* **Task to carry out**
Below is a block of entries; repeat exactly the lines starting at the line that contains "Do you understand" and ending at the line that contains "And the great", both included.

* **Extracted data**
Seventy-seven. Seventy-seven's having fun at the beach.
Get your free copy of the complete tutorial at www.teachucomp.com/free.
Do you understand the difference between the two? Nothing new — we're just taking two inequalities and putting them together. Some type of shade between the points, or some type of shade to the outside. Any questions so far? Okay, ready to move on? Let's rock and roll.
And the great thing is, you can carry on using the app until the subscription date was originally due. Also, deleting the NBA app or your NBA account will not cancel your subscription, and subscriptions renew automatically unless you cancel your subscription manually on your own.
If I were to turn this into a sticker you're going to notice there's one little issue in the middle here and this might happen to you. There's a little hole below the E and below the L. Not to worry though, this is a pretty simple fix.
--
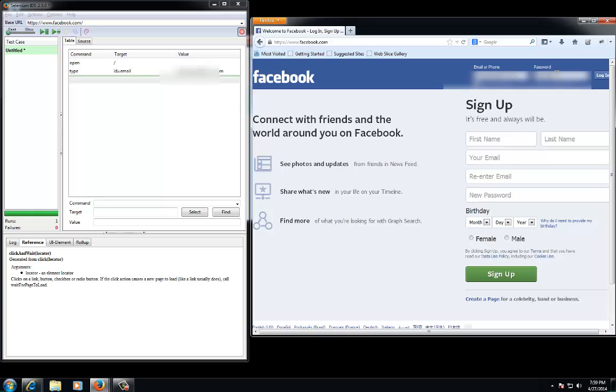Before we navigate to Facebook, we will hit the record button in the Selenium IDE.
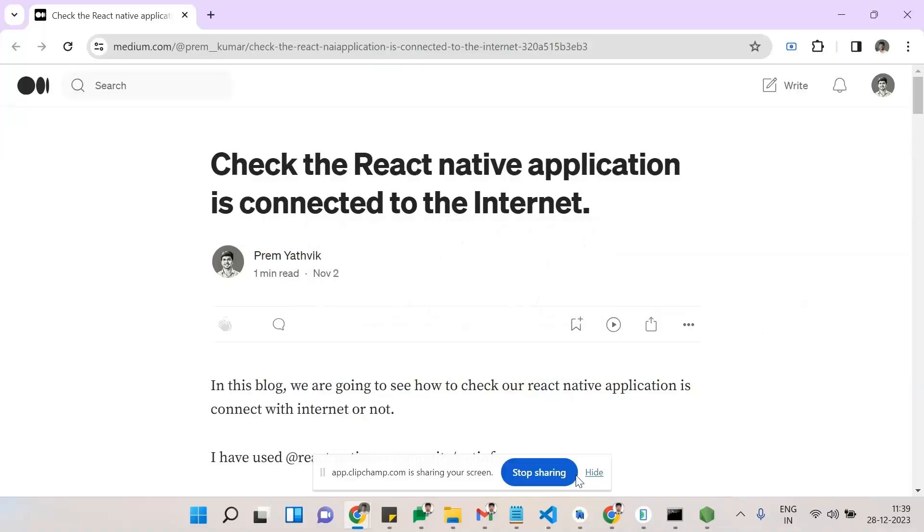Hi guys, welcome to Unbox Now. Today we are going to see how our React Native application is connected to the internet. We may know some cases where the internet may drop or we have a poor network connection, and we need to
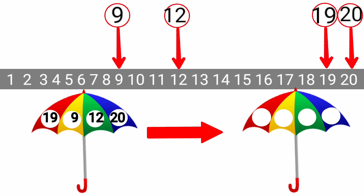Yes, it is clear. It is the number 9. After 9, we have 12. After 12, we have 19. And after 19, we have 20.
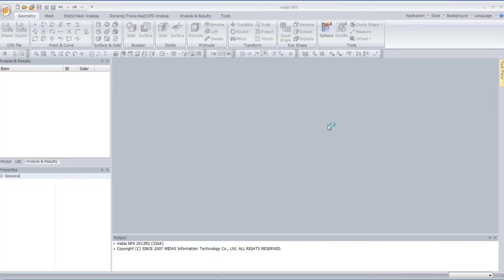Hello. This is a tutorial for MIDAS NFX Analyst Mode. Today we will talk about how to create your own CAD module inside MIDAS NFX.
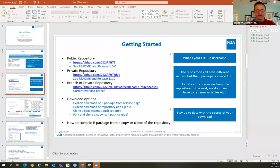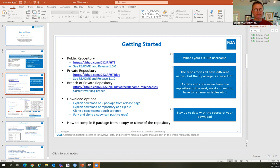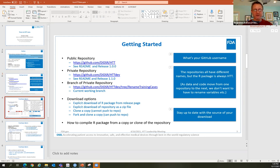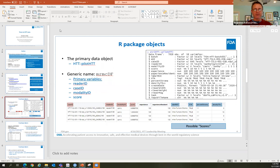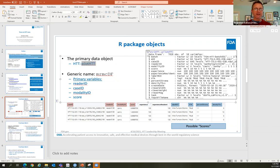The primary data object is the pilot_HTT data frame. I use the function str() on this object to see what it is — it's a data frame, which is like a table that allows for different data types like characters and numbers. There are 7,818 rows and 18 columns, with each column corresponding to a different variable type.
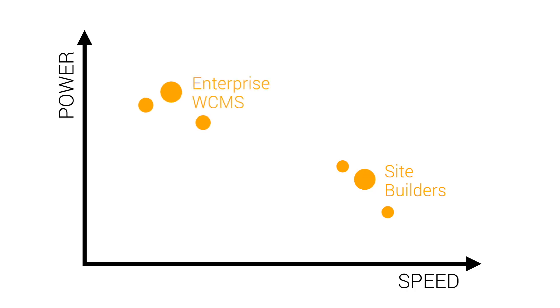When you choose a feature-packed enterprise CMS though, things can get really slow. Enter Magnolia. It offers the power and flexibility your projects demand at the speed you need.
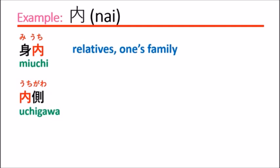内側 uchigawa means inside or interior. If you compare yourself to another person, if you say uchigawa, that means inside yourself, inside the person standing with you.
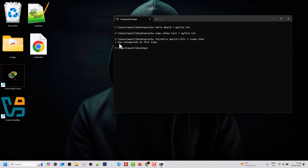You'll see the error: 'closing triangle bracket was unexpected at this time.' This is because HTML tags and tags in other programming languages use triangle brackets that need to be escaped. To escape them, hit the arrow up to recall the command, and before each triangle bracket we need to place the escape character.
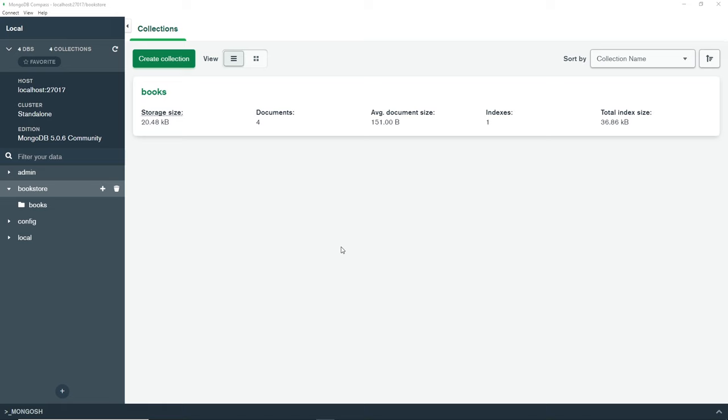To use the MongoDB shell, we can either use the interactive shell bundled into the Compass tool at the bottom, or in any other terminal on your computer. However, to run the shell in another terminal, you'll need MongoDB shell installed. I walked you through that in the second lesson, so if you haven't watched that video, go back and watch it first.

* **Response area**
Do you understand the difference between the two? Nothing new — we're just taking two inequalities and putting them together. Some type of shade between the points, or some type of shade to the outside. Any questions so far? Okay, ready to move on? Let's rock and roll.
And the great thing is, you can carry on using the app until the subscription date was originally due. Also, deleting the NBA app or your NBA account will not cancel your subscription, and subscriptions renew automatically unless you cancel your subscription manually on your own.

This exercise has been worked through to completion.